*What to work on*:
Each line below that holds the word "Shirt" counts once; state the total number of such lines and nothing else.

START Records provided

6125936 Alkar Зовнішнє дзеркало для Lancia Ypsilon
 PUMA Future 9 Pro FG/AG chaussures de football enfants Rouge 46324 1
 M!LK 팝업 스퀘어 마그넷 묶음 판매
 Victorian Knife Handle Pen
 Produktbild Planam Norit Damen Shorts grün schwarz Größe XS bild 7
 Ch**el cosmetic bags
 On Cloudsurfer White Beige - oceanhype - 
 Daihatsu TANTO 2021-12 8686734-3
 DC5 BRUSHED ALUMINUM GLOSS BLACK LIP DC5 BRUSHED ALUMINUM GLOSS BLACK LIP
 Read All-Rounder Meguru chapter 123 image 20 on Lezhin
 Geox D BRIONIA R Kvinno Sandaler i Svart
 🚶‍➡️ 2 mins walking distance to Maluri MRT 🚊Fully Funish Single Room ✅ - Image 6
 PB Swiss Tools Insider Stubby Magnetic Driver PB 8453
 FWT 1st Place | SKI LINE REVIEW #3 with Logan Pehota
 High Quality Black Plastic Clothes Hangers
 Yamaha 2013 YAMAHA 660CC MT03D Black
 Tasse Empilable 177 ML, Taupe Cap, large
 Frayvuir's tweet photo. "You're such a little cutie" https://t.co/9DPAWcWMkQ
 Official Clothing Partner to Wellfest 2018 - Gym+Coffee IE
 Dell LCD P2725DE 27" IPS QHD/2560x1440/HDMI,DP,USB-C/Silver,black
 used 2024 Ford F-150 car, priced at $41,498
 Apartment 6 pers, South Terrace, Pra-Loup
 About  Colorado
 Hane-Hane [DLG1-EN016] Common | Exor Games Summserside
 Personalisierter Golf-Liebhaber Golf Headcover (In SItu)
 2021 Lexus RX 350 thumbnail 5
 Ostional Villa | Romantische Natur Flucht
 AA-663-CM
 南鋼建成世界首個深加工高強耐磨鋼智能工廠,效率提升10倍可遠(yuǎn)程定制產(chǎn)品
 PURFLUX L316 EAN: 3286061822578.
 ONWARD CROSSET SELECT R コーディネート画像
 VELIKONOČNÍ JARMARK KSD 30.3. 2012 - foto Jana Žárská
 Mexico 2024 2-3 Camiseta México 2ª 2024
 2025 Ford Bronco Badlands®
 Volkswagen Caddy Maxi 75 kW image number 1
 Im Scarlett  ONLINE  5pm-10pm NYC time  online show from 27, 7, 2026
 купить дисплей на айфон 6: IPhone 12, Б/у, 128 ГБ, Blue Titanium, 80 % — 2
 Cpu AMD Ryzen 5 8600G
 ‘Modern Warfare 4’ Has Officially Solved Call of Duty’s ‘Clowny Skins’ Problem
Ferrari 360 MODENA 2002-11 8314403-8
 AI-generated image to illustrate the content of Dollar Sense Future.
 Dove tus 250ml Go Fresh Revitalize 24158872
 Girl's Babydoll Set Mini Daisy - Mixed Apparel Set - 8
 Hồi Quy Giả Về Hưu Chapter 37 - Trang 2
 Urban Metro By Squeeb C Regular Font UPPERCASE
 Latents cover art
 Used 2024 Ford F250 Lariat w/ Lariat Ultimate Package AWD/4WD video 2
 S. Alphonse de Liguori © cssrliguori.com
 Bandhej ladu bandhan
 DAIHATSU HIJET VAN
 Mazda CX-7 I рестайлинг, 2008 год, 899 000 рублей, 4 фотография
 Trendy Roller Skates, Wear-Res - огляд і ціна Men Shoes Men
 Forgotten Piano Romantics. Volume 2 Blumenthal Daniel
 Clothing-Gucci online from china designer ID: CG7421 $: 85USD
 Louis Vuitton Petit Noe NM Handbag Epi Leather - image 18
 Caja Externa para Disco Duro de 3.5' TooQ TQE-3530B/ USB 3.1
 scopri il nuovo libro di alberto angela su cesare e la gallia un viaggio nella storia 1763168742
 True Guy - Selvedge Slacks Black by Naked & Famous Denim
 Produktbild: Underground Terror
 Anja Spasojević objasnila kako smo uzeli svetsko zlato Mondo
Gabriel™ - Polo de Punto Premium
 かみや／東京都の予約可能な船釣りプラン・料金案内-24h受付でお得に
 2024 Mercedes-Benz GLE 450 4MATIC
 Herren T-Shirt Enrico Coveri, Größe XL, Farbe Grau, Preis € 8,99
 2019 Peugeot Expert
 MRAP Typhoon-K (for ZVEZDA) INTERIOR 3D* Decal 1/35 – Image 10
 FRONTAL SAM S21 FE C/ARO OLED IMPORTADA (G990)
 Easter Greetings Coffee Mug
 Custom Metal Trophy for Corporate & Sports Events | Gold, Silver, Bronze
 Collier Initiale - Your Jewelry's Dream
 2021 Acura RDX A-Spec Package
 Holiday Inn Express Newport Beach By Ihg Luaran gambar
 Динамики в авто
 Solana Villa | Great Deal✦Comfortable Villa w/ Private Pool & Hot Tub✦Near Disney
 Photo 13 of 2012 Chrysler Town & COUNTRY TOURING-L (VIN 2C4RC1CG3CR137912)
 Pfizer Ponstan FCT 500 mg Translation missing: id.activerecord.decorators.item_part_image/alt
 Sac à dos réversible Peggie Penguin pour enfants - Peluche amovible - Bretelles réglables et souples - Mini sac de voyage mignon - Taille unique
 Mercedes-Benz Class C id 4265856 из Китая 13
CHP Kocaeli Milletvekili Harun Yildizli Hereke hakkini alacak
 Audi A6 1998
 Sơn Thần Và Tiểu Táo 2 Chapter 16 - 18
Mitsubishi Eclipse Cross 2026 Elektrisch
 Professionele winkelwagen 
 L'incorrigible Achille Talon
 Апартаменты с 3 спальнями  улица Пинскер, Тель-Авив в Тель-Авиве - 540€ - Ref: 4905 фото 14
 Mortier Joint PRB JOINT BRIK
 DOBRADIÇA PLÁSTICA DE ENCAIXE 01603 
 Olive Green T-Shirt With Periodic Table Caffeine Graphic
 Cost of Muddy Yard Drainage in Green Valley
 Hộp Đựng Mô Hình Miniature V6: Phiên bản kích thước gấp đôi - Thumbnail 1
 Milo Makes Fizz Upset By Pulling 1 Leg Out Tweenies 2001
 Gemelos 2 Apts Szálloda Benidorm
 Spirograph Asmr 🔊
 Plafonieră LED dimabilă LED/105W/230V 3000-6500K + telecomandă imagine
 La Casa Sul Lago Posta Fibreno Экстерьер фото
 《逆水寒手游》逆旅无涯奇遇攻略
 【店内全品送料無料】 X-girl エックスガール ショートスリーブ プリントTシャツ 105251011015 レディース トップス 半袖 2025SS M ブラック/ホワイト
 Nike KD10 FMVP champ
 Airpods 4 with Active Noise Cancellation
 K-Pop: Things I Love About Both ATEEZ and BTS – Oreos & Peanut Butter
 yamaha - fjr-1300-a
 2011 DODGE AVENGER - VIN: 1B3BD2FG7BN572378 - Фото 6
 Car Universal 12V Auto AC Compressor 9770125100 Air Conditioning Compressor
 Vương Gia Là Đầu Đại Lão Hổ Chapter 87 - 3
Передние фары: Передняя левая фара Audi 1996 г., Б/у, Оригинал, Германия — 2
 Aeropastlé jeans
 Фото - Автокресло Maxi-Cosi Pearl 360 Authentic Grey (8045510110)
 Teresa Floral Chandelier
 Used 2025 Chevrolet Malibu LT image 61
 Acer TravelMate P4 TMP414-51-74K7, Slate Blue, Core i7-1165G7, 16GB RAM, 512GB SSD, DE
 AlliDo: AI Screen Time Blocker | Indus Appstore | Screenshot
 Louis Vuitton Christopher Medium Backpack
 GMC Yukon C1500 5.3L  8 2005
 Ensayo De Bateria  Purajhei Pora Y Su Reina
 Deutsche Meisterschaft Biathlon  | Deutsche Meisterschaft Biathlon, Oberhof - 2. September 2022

END Records provided

*Solution to this problem*:
2